Salpando dalle Fiandre nel 1778, Bolts e la sua compagnia di sudditi italo-austriaci attraccarono nella baia di Delagoa (oggi Maputo) sulla costa del sud-est dell'Africa. Bolts stipulò poi dei trattati con i capi Mabudu locali, che ivi abitavano, e acquisì da uno di questi il porto dell'area precedentemente abbandonata dalla Compagnia Olandese delle Indie Orientali. Vi fu costruito un avamposto commerciale e la colonia iniziò a prosperare.[3]

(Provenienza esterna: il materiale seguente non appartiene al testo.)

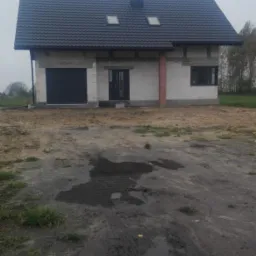 Surowy stan domu murowanego z ciemną dachówką i dwoma oknami dachowymi, widoczne niedokończone otoczenie i błotniste podłoże.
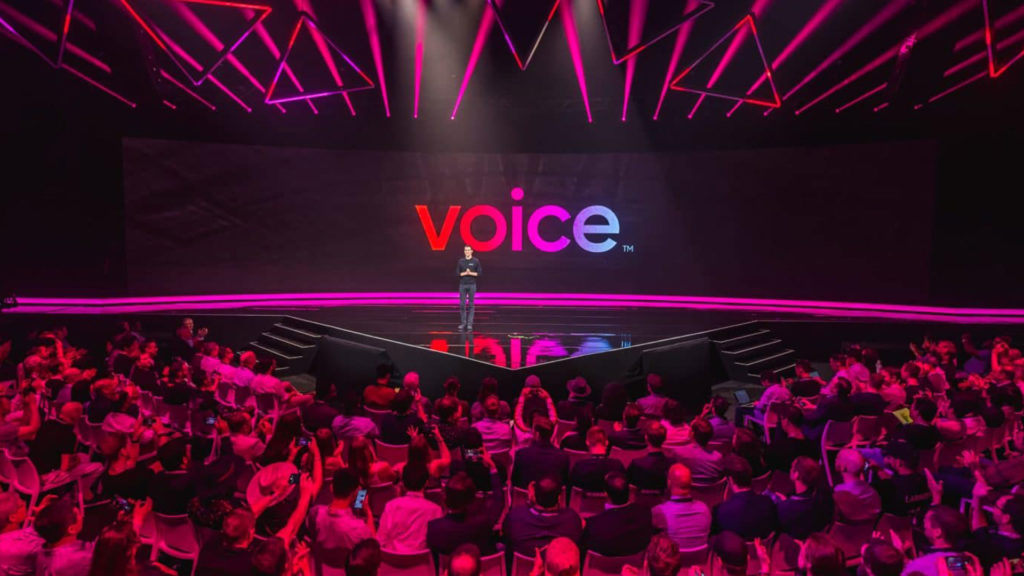 A photograph of an event for VOICE, a Blockchain-powered social network, in an auditorium filled with people, with a single male individual standing on a black, reflective stage, with the words, "VOICE" spelled out in red, pink, and blue behind him.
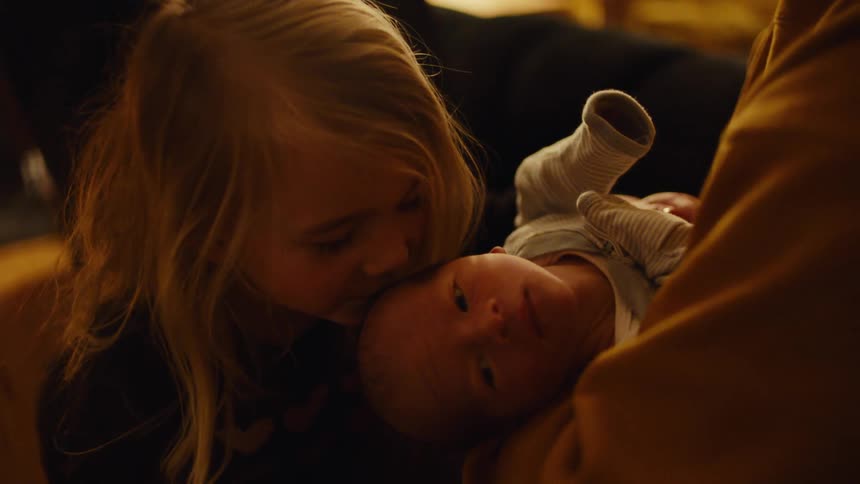 A little blonde girl kissing the head of a newborn baby who is on an adults lap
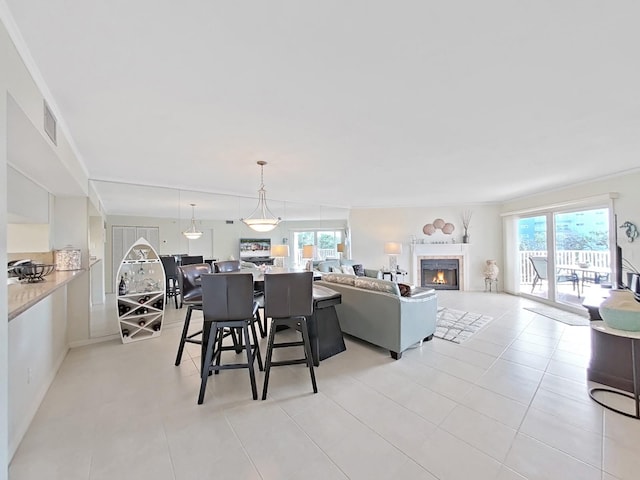 tiled dining room with ornamental molding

Bolts decise di salpare poco dopo per far avanzare gli interessi austriaci in India. Dopo due anni, la colonia, composta da 155 uomini e diverse donne, commerciava avorio, con profitti che arrivavano fino a 75 000 sterline all'anno.
La presenza austriaca nella baia di Delagoa provocò un drammatico cambiamento nel prezzo dell'avorio. Ciò era dovuto alla produzione austriaca, che superava quella portoghese nel resto del Mozambico. Il porto fu però investito da un'epidemia di malaria nel 1781 e i portoghesi affermarono con successo il loro dominio sull'area; quindi procedettero a cacciare il resto dei coloni austriaci.
Nel 1783 l'avventuriero Móric Benyovszky presentò alla corte imperiale il suggerimento di conquistare il Madagascar sotto la bandiera austriaca. Tuttavia, gli Asburgo non gli concessero alcun sostegno finanziario o militare.
Dopo la perdita di numerosi territori spagnoli nella guerra ispano-americana, la diplomazia spagnola negoziò la vendita di Río de Oro (l'attuale Sahara Occidentale), con il suo porto a Villa Cisneros, alla Società Coloniale Austro-Ungarica. L'imperatore Francesco Giuseppe sostenne apertamente l'accordo, promosso da Ernst Weisl, presidente della Società Coloniale Austro-Ungarica e da Agenor Goluchowsi, ministro degli Esteri austriaco. Il Parlamento Ungherese, però, non interessato ad avventure coloniali e che voleva abbassare le spese navali, pose il veto all'acquisto della colonia.[4]
In seguito alla rivolta dei Boxer, l'Impero Austro-Ungarico inviò un corpo militare in Cina, così come le altre grandi potenze dell'epoca. Come contropartita ottenne una concessione nella città di Tientsin, che dopo la Prima Guerra Mondiale fu aggregata alla preesistente Concessione Italiana.[5]